R v Quansah
[2000] NSWCCA 64
•31 March 2000
NEW SOUTH WALES CRIMINAL COURT OF APPEAL
CITATION: R v QUANSAH [2000] NSWCCA 64
FILE NUMBER(S):
60638/99
HEARING DATE(S): 10/03/00
JUDGMENT DATE: 31/03/2000
PARTIES:
REGINA v Sonny QUANSAH
JUDGMENT OF: Fitzgerald JA Abadee J Barr J
LOWER COURT JURISDICTION: District Court
LOWER COURT FILE NUMBER(S): 99/11/0435
LOWER COURT JUDICIAL OFFICER: Williams DCJ
COUNSEL:
Crown: M Ierace
Respondent: P Boulten
SOLICITORS:
Crown: Commonwealth Director of Public Prosecutions
Respondent: Noyce Lawyers
CATCHWORDS:
Criminal Law - sentencing - importation of cocaine
LEGISLATION CITED:
DECISION:
See para 31.
JUDGMENT:
IN THE COURT OF
CRIMINAL APPEAL
60638/99
FITZGERALD JA
ABADEE J
BARR J
Friday, 31 March 2000
REGINA v Sonny QUANSAH
JUDGMENT
FITZGERALD JA: I agree with Barr J.
IN THE COURT
OF CRIMINAL APPEAL
60638/99
FITZGERALD JA
ABADEE J
BARR J
Friday, 31 March 2000
REGINA v Sonny QUANSAH
JUDGMENT
ABADEE J: I agree with the orders proposed by Barr J.
IN THE COURT OF
CRIMINAL APPEAL
60638/99
FITZGERALD JA
ABADEE J
BARR J
Friday, 31 March 2000
REGINA v Sonny QUANSAH
JUDGMENT
BARR J: This is a Crown appeal against what is said to be the inadequacy of a sentence imposed on the respondent in the District Court. On 23 July 1999 the respondent pleaded guilty to a charge of importing into Australia not less than the trafficable quantity of cocaine. On 28 September 1999 Williams DCJ sentenced him to four years and eight months’ imprisonment, commencing on 10 June 1999, the day of his arrest, and fixed a non-parole period of two years six months.
The maximum penalty for the offence is twenty-five years’ imprisonment or a fine of up to $100,000 or both.
On 10 June 1999 the respondent arrived at Sydney Kingsford Smith airport on a flight from Tahiti. In his luggage was a wooden statue containing 2.985 kilograms of a cocaine mixture, the equivalent of 643.7 grams of pure cocaine.
The respondent was taken into police custody and admitted that the statue contained narcotics but declined to specify what sort. He denied concealing the drug. He said that he had purchased the statue near Santiago with the drugs already packed and hidden within it. He said the drugs were solely for his own use. Later on he admitted that the contents were cocaine and said that he had paid $2,000 for the statue and had been told at the time of purchase that it contained one to one and a half kilograms. He repeated that it was for his own use.

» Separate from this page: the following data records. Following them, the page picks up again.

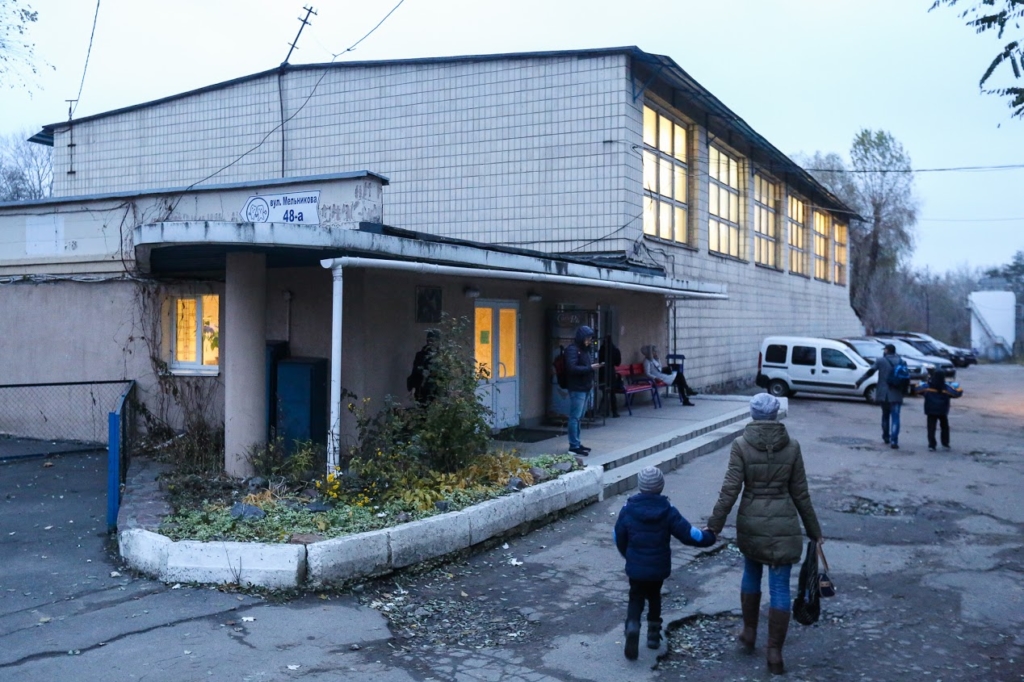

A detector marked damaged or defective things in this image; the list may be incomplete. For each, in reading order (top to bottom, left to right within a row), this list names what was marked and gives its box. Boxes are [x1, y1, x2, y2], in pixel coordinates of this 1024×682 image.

cracked pavement [2, 364, 1024, 675]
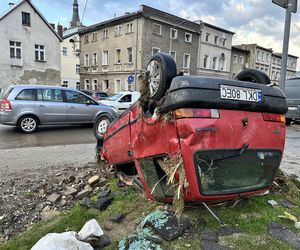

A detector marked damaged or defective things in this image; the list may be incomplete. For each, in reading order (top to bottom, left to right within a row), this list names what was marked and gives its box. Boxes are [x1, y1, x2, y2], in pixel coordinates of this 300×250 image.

overturned red car [94, 53, 288, 204]
crumpled car body [99, 75, 288, 203]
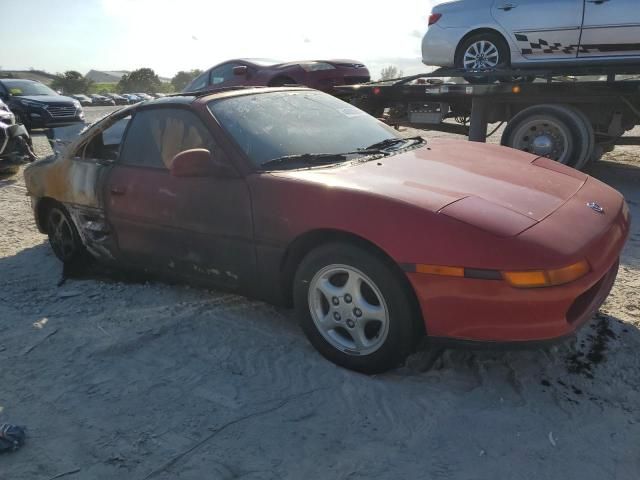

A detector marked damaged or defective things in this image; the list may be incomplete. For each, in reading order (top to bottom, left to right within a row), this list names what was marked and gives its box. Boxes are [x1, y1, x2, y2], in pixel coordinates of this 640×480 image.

damaged red car [25, 88, 632, 374]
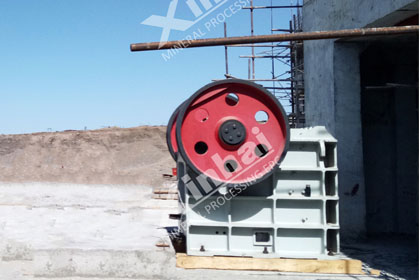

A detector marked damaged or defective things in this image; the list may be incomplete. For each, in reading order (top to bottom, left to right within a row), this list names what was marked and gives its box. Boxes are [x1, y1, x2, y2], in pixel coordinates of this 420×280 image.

rusty pipe [130, 25, 418, 52]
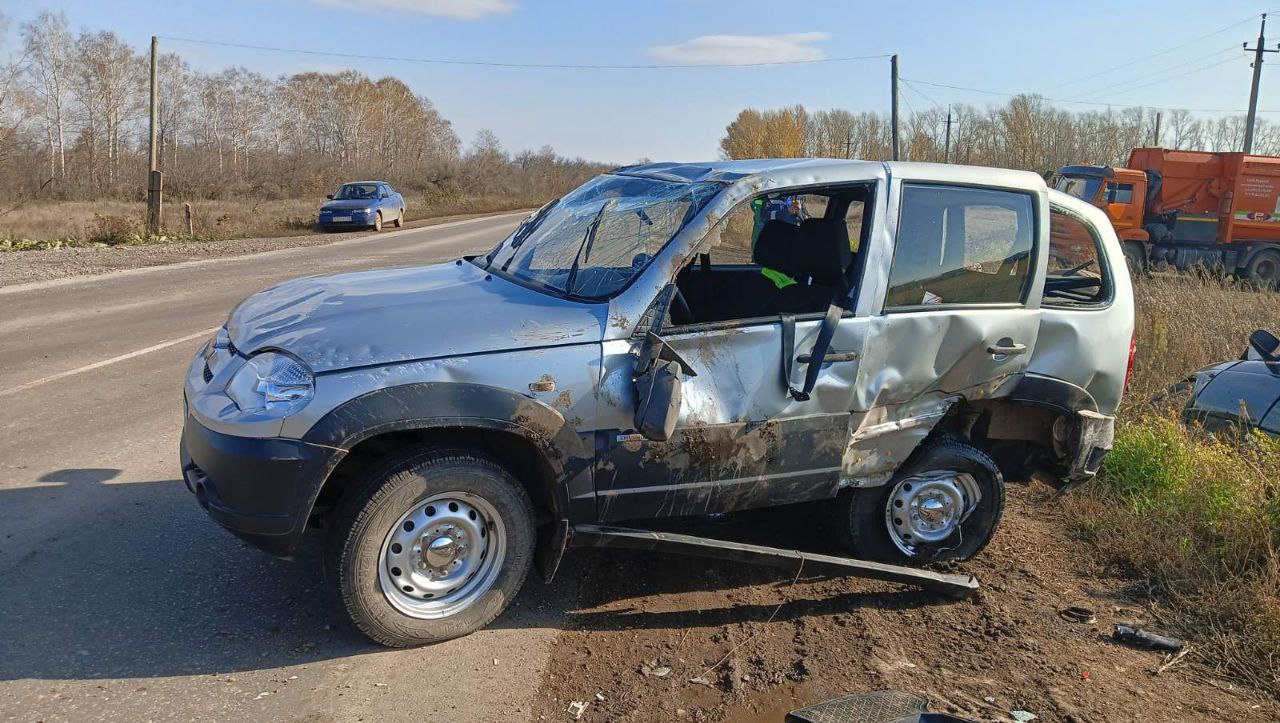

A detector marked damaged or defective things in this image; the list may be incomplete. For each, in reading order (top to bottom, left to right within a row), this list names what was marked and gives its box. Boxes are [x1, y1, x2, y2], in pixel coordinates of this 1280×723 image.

dented hood [227, 261, 606, 371]
dark damaged car [177, 160, 1131, 644]
damaged silver suv [180, 160, 1131, 644]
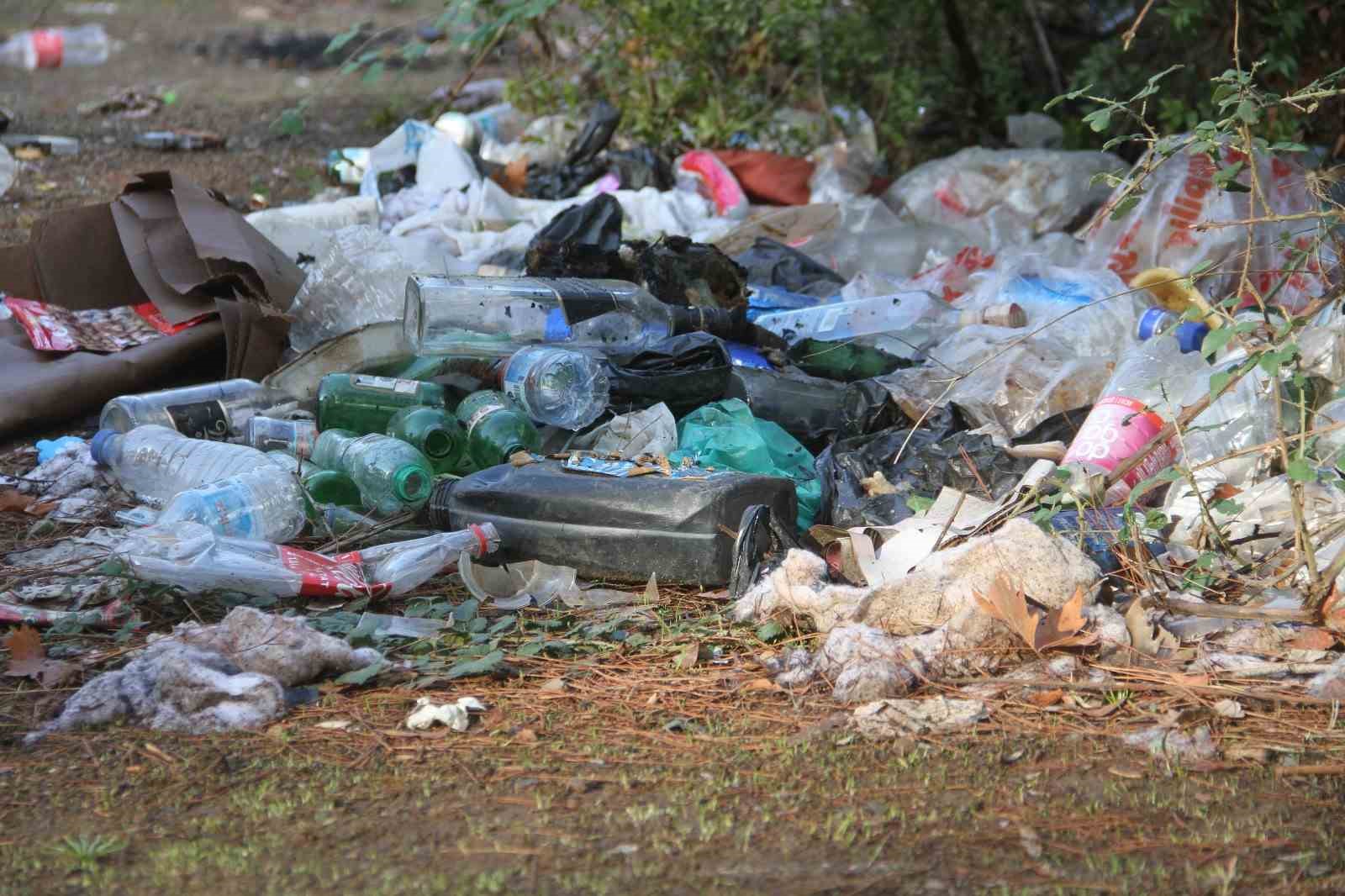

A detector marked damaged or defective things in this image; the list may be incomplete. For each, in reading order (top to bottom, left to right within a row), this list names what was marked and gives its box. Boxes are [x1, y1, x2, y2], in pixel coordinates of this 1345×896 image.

He had on him a business card which bore what was apparently the name of an organisation, Seguel Holdings. It contained his name and a description as sales director together with a Maroubra post office box number and a mobile telephone number.
The respondent also possessed a Commonwealth Bank keycard issued in the name of Mr D Seguel.
Police officers were unable to find a listing of Seguel Holdings as a company or a business name or to identify any business actually trading under that name. They searched the respondent’s apartment in Sydney and found among other things a piece of paper bearing the name Dario Seguel and an address in Santiago, Chile. There was also an address book with an entry in the name Marie and Dario and a business card styled “Seguel Holdings - Marie A Christia - Director.
The post office box listed on the card found on the respondent turned out to be leased in the name of Marie A Christia.
Further inquiries showed that the respondent had travelled from Sydney to Chile four times between October 1998 and January 1999, staying two or three weeks on each occasion.
The respondent gave evidence before the sentencing judge. He said that he had begun using cocaine about two years previously. It was not long before he came to depend on its use. He met a man called Dario Seguel and his fiancée Marie Christia in Sydney and they became good friends. Eventually he found that they had business interests. One was to run an hotel in Miami. Another was to build an Australia theme pub in Santiago, Chile. They also intended to open up bottle shops in South America.
He began to work for them and that explained how he came to travel to South America for the periods that I have mentioned. On an occasion or occasions he took with him samples of Australian beer and wine. Seguel Holdings paid for his fares, accommodation and incidentals and supplied him with the keycard that was found.
He said that Mr Seguel ordinarily lived in Maroubra.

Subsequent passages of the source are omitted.